There was a big holly tree directly on the other side of Yellow Creek, right where Little Yellow Creek empties into it. I sat very still, alert, listening, the mighty hunter stalking his game. Something moved high in the holly. I got a shot and took it, and a big old fox squirrel came down with a whomp.
I had to go downstream a hundred yards to find a footlog. Then I hurried back up the other side and found my first squirrel, dead as a doornail. My .22 long had killed him cleanly.
Mother fried him, just as she would fry a chicken, and I thought it was excellent. But, as I say, don’t bring me any squirrel anymore, I’m no longer hungry for them.
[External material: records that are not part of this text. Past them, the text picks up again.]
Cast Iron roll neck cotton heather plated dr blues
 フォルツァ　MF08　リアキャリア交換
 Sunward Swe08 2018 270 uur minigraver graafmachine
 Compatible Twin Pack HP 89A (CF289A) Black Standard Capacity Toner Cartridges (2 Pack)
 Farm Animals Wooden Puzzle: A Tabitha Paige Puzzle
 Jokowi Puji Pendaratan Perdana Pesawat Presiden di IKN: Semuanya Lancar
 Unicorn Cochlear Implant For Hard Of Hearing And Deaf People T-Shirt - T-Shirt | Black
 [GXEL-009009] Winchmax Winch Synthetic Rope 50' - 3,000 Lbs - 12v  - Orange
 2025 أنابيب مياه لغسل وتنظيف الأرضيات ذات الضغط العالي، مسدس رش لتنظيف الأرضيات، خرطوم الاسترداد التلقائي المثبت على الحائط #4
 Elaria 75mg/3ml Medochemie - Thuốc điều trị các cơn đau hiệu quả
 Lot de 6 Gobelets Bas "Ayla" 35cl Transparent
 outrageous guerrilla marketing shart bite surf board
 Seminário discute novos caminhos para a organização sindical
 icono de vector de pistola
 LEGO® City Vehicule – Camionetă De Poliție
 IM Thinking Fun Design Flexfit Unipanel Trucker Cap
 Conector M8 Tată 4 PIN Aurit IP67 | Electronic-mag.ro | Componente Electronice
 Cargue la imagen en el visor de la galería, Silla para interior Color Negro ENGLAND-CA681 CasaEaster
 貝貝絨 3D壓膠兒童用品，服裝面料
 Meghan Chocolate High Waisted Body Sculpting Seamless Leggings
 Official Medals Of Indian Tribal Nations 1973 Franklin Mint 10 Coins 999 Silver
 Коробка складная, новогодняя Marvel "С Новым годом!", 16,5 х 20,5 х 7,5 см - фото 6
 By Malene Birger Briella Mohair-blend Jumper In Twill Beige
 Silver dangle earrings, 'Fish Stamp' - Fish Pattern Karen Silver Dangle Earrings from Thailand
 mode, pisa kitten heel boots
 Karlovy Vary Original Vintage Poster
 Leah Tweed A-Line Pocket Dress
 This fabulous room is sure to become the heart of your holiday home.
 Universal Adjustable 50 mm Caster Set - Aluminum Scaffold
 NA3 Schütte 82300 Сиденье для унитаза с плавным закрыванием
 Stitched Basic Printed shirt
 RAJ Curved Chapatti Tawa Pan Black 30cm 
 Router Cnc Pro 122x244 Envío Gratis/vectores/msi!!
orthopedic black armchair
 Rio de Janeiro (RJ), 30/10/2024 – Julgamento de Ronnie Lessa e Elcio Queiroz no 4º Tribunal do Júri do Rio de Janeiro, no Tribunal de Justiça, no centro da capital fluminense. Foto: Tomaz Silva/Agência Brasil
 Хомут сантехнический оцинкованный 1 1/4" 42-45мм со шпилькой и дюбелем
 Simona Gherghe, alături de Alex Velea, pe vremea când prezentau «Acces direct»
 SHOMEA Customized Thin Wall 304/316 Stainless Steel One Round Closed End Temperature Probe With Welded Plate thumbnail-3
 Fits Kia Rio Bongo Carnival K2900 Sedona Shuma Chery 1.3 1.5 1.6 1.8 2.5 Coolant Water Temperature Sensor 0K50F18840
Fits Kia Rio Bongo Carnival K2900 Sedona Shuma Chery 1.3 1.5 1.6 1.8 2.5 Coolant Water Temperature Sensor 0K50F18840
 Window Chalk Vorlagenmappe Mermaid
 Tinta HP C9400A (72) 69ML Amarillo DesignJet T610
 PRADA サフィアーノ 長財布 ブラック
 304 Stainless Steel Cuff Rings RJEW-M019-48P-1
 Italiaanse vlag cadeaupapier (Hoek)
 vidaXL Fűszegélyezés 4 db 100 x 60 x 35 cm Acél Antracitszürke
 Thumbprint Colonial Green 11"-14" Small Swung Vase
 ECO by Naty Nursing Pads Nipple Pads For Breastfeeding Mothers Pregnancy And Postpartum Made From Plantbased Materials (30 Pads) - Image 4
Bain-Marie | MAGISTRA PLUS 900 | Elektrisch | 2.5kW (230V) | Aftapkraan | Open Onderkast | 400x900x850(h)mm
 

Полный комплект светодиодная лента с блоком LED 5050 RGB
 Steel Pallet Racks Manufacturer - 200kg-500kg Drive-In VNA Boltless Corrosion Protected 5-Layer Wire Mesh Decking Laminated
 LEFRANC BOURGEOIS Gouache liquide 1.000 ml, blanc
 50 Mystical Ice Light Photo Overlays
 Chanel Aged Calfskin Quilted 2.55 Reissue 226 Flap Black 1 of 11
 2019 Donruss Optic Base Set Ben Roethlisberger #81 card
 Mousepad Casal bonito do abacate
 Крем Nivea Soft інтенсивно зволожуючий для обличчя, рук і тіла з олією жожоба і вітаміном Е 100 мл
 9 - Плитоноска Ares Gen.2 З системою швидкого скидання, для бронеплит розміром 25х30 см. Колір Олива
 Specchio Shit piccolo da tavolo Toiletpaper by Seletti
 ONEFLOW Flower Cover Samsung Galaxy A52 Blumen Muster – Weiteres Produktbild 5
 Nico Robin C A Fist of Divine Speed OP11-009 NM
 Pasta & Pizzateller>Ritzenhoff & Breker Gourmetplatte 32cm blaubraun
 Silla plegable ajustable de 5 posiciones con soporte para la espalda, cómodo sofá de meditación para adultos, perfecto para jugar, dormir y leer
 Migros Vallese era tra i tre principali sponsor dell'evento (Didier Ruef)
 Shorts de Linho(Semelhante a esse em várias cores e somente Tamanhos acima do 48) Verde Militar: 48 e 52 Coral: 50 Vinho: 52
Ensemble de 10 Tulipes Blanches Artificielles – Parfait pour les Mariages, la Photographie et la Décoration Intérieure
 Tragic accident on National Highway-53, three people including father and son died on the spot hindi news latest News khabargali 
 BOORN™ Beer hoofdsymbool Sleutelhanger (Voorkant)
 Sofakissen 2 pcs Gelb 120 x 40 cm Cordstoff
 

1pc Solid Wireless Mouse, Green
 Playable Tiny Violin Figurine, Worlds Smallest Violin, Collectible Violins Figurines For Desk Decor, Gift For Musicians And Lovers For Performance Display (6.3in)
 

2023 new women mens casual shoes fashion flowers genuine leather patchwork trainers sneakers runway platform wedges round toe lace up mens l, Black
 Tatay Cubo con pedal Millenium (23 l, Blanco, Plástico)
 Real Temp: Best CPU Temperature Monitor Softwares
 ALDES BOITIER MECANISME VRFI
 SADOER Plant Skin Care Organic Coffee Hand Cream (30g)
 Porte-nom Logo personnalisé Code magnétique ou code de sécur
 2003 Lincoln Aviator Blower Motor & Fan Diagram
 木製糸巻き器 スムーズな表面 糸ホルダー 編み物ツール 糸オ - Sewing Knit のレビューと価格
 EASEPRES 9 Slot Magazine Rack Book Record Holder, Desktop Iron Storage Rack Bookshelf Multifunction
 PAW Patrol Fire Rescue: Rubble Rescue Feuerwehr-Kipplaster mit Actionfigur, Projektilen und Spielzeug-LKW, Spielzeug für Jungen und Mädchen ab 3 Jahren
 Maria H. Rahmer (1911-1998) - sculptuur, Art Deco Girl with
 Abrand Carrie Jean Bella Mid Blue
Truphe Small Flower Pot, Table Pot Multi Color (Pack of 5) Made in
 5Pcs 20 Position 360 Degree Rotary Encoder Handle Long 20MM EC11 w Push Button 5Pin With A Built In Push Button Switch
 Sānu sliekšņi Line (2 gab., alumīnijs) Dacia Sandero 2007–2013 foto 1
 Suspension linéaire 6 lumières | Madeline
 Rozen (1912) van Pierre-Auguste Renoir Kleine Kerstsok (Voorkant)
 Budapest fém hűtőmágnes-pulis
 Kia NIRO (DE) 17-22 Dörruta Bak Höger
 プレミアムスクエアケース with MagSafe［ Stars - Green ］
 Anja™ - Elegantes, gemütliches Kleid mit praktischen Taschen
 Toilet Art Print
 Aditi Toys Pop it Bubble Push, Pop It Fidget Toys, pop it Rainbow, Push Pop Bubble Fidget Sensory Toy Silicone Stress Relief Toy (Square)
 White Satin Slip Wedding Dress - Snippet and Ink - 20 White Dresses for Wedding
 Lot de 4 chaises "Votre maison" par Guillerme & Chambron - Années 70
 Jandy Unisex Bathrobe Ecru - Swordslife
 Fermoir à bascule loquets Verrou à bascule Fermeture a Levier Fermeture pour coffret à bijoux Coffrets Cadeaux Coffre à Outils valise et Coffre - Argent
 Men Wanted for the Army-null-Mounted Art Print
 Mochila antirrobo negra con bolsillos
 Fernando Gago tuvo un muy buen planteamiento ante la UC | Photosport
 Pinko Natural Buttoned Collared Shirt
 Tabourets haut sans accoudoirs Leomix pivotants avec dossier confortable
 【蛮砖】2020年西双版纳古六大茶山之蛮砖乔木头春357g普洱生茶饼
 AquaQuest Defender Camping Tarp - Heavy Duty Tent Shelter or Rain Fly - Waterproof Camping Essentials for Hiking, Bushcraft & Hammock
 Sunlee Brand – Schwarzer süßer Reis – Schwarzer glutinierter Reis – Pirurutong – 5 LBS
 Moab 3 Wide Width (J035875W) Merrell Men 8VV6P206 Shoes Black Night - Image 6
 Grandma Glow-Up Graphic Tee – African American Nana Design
Wild squirrels are exceedingly cautious and suspicious.  It takes skill and know-how to get a shot at one. I can walk through the hardwoods out by the Ridge Field today and not see a sign of a squirrel. My nephew, on the other hand, can go out there for a half hour and come back with the limit. I don’t know how he does it. He’s just a regular Daniel Boone, I suppose.
Now there was one place where we asked people not to hunt. That was down by the gulley below the barn, where some huge trees grew. Sometimes, while milking, I could see the squirrels playing down there, through the cracks in the stable wall.
But they wouldn’t come to the trees around the house, except rarely. I guess because they realized they’d get shot if they did.
Editor’s Note. Most people born after, say 1960, are not aware that, until the late 1950s the only wild game north of maybe Selma were rabbits, squirrels, quail and doves. Beginning in the 1950s the state conservation department began stocking deer and wild turkeys as row-crop agriculture decreased.
Rabbits and quail require a trained dog and doves, access to a field where corn or small grain were either harvested or planted. Squirrel hunting, on the other hand, required only a .22 rifle or a single-shot shotgun.